O cinema novo não teve nenhuma mulher diretora. O cinema dito “marginal” tampouco. A própria nouvelle vague só contou com uma mulher cineasta, Agnès Varda, que aliás tem na Mostra de São Paulo uma bela retrospectiva. Hoje a situação é outra, e Helena Ignez segue desbravando esse mundo novo. Como diz o título de um filme de Marco Ferreri, Il futuro è donna.

Antes do fim

Helena Ignez está presente também, como atriz, em outro belo filme da 41ª Mostra, Antes do fim, de Cristiano Burlan. Ali, ela é a companheira de vida de um idoso (Jean-Claude Bernardet) que está decidido a morrer e quer que ela o ajude na passagem.

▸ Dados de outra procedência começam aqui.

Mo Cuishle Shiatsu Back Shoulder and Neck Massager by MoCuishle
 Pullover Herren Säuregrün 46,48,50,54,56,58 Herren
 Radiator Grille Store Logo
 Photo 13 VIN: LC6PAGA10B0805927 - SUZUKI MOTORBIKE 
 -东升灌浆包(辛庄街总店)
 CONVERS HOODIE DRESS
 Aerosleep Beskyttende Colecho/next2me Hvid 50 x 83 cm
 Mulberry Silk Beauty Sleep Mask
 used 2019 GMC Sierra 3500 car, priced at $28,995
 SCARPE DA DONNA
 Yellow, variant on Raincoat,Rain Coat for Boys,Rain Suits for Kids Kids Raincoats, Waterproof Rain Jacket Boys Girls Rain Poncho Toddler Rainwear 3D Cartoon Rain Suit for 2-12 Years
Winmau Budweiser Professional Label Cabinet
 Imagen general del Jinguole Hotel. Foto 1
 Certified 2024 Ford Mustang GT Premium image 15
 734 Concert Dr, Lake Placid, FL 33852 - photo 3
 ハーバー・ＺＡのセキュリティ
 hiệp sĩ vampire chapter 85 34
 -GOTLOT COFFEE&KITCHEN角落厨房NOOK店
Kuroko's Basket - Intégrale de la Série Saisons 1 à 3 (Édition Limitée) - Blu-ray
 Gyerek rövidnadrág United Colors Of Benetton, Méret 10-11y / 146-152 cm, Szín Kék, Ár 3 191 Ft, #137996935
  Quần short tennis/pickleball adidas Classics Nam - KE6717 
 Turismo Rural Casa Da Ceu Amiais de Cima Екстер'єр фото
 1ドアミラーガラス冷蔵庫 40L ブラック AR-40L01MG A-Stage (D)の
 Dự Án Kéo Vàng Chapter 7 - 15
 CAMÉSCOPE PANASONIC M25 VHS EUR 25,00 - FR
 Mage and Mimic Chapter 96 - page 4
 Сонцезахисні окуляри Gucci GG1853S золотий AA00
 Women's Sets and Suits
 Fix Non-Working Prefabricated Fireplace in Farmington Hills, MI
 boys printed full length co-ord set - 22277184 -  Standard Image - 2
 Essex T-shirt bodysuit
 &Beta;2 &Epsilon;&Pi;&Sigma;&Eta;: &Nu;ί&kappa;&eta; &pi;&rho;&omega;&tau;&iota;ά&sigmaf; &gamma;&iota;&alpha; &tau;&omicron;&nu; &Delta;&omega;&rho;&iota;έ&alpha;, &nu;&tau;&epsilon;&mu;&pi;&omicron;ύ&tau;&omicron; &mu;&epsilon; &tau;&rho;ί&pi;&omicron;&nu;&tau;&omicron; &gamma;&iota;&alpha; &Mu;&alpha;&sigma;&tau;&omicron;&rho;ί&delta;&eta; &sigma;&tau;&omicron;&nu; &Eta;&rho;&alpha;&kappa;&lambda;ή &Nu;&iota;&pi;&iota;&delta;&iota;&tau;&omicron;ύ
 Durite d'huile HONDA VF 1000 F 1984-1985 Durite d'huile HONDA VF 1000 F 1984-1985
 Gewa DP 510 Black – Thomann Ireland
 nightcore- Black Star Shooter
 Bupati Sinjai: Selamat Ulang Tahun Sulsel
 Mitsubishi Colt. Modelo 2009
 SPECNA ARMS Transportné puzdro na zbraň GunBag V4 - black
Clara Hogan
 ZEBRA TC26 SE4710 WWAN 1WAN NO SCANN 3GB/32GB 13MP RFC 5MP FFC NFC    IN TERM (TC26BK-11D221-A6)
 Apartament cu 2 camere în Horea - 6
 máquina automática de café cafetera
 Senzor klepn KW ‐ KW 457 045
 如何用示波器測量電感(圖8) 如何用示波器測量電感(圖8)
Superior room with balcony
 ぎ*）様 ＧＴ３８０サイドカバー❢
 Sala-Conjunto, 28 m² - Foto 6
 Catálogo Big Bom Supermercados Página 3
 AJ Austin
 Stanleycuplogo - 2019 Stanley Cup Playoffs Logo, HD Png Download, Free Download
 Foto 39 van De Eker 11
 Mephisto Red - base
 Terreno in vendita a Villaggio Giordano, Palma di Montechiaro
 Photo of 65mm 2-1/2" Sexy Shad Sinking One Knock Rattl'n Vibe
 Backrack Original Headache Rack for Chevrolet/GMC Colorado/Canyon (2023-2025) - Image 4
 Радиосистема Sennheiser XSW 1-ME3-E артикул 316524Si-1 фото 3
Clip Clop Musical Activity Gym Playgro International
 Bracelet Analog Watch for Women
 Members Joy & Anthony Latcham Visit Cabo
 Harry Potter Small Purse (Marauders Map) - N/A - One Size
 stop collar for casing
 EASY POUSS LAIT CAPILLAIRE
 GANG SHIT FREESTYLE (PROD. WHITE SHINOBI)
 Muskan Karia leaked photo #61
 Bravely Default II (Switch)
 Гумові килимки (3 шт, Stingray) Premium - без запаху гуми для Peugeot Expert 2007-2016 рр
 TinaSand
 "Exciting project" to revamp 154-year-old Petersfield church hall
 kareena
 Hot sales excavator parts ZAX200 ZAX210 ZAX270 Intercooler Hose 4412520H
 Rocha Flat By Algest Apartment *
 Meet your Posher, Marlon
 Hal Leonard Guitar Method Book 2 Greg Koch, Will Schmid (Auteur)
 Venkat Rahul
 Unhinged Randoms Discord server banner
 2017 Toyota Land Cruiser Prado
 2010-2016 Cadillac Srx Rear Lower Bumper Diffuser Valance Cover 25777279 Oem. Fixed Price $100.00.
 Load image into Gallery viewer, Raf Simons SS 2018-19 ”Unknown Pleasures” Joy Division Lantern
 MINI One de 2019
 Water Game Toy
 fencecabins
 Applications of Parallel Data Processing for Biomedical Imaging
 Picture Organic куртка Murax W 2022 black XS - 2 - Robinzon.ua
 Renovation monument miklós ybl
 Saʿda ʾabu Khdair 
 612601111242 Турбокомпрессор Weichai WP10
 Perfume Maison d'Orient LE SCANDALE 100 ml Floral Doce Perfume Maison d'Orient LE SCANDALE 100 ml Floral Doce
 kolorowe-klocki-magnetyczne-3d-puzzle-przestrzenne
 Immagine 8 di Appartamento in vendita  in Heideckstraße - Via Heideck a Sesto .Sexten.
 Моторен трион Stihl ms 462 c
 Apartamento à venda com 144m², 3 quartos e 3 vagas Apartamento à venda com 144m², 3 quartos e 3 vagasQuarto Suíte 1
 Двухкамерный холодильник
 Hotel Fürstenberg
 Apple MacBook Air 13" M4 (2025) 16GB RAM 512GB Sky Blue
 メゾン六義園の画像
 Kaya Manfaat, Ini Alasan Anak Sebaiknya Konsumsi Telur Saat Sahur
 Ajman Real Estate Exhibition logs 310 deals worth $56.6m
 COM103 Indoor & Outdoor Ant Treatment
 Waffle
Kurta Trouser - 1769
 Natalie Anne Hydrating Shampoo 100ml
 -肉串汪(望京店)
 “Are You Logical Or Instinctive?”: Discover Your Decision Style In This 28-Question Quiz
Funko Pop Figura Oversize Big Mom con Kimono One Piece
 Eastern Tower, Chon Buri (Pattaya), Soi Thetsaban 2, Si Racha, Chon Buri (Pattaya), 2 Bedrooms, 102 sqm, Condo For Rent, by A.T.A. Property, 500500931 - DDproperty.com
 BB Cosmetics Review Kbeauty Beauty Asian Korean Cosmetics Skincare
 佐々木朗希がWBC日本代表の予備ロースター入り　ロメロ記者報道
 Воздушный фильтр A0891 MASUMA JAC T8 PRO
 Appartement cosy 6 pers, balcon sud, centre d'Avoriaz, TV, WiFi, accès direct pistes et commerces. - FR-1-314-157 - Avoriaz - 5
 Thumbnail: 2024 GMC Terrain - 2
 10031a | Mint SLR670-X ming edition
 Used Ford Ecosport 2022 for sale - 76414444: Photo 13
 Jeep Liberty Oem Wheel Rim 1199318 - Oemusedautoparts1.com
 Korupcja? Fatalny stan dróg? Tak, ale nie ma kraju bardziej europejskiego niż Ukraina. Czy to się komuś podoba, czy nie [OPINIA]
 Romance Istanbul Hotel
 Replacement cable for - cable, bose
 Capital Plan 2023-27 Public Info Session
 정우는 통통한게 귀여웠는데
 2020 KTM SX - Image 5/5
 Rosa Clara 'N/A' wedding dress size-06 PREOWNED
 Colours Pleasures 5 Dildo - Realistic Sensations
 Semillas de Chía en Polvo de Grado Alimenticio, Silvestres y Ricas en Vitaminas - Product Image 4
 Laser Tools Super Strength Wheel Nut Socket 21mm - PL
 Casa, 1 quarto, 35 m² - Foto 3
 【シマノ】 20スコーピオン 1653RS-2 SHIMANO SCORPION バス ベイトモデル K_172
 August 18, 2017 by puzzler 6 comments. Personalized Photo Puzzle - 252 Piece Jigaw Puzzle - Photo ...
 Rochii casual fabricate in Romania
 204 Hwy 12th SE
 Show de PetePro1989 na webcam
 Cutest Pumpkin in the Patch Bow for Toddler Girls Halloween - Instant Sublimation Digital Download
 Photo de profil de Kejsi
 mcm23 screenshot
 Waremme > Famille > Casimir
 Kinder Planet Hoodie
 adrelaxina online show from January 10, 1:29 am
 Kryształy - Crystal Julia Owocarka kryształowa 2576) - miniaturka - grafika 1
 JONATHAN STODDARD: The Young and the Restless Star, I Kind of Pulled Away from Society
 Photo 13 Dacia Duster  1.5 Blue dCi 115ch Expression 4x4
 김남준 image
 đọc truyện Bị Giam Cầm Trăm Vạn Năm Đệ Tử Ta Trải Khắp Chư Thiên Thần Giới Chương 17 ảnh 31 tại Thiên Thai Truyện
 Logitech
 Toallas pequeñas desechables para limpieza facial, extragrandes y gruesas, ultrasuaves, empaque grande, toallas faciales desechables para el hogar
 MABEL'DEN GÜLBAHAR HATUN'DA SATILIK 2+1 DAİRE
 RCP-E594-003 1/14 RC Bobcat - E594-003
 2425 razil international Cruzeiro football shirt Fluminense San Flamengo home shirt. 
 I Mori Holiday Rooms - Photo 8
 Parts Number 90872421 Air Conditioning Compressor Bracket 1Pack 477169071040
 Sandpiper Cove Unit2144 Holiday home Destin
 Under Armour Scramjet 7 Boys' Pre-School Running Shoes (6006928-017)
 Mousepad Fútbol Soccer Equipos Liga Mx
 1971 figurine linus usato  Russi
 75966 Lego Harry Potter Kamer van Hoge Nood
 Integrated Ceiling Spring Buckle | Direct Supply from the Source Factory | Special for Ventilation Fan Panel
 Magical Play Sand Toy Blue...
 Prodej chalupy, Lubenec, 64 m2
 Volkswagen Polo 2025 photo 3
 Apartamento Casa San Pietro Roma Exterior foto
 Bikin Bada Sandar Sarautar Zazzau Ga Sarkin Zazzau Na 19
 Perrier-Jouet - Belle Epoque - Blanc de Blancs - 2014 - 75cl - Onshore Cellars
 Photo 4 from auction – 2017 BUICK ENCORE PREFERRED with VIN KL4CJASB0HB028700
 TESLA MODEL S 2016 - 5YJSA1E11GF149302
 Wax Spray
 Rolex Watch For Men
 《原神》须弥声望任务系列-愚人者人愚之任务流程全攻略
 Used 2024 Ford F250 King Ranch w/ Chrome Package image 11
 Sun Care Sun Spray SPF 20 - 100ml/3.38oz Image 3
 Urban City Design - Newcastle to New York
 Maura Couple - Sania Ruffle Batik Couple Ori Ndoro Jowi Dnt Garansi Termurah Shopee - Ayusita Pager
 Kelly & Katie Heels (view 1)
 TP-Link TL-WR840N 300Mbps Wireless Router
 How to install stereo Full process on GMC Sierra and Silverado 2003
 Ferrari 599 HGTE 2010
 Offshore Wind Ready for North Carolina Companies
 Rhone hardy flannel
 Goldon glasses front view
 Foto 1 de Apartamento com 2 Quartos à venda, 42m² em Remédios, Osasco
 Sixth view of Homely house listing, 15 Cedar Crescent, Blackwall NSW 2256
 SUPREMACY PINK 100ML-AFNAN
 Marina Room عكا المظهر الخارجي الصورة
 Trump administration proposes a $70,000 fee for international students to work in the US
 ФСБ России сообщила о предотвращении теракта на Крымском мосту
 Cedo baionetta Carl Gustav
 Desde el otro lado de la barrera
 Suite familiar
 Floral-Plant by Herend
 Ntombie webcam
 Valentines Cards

Mas ela tenta convencê-lo a viver, arrastando-o para as belezas e alegrias da vida: o sexo, a dança (de Kazuo Ohno), a contemplação da natureza. É com delicadeza, mas também com ousadia e humor, que Burlan encena com esses dois ícones do nosso cinema temas como o amor, a velhice, o tempo e a morte.

Outrage coda

Takeshi Kitano fecha com esse filme, presente na 41ª Mostra, a trilogia iniciada com Ultraje (2010) e Beyond outrage (2012). Em seu conjunto, a trilogia trata dos conflitos entre clãs da Yakuza, a máfia japonesa, e do papel do matador Otomo (o próprio Kitano), fiel a um dos líderes e a um rigoroso e solitário código de conduta. Neste terceiro segmento, a trama se complica com as brigas internas no clã Hanabishi e as relações com a máfia coreana.

Reforça-se o retrato da Yakuza como uma grande corporação capitalista, com seus engravatados homens de negócios em reuniões e discussões intermináveis, pontuadas por explosões de violência filmadas e coreografadas de modo espetacular. Poder e riqueza banhados em sangue.

A oeste do rio Jordão

Desta vez em registro documental, Amos Gitai retorna a seu tema recorrente, os dilemas do estado de Israel em sua espinhosa relação com os palestinos. Aqui, ele visita a Cisjordânia, buscando ouvir os moradores da região, registrar como vivem e sobretudo destacar as iniciativas conjuntas em busca da paz. Essa jornada exploratória mais recente é pontuada por imagens de uma entrevista realizada por Gitai em 1995 com o então primeiro-ministro de Israel, Yitzhak Rabin, assassinado por fanáticos pouco tempo depois.

Se os governantes não chegam a um acordo duradouro de paz – e o assassinato de Rabin é emblemático dessa dificuldade –, a própria população civil dos dois lados – o palestino e o israelense – busca formas de convivência pacífica: festivais de música, torneios de gamão, grupos de mulheres que perderam parentes na guerra. Com paciência e curiosidade, Gitai ouve todo mundo: crianças, jornalistas, soldados, viúvas. Não se furta a, ocasionalmente, expressar sua opinião contra o fanatismo e a violência. Um filme militante, em suma, no sentido mais nobre do termo.

Abaixo a gravidade

Com esse título inspirado, o veterano Edgar Navarro constrói um filme feito da mistura improvável de melancolia e vitalidade, ao traçar a trajetória de um homem idoso, Bené (Everaldo Pontes), que deixa seu retiro no interior, onde cultiva em sua horta plantas e ervas medicinais, para voltar a Salvador para tratar da saúde e acompanhar uma moça (Rita Carelli) que acaba de dar à luz com sua ajuda.

Nesse retorno, fundem-se memórias do seu passado e as imagens duras da cidade atual, com seus miseráveis e loucos, a frieza de um mundo dominado pelo dinheiro e pelo salve-se quem puder, mas em cujas frestas persistem a solidariedade, o afeto e o prazer, inclusive e principalmente o sexual. Instâncias de ascensão (espiritual e carnal) contra a implacável gravidade que nos mantém presos a esta terra ensandecida.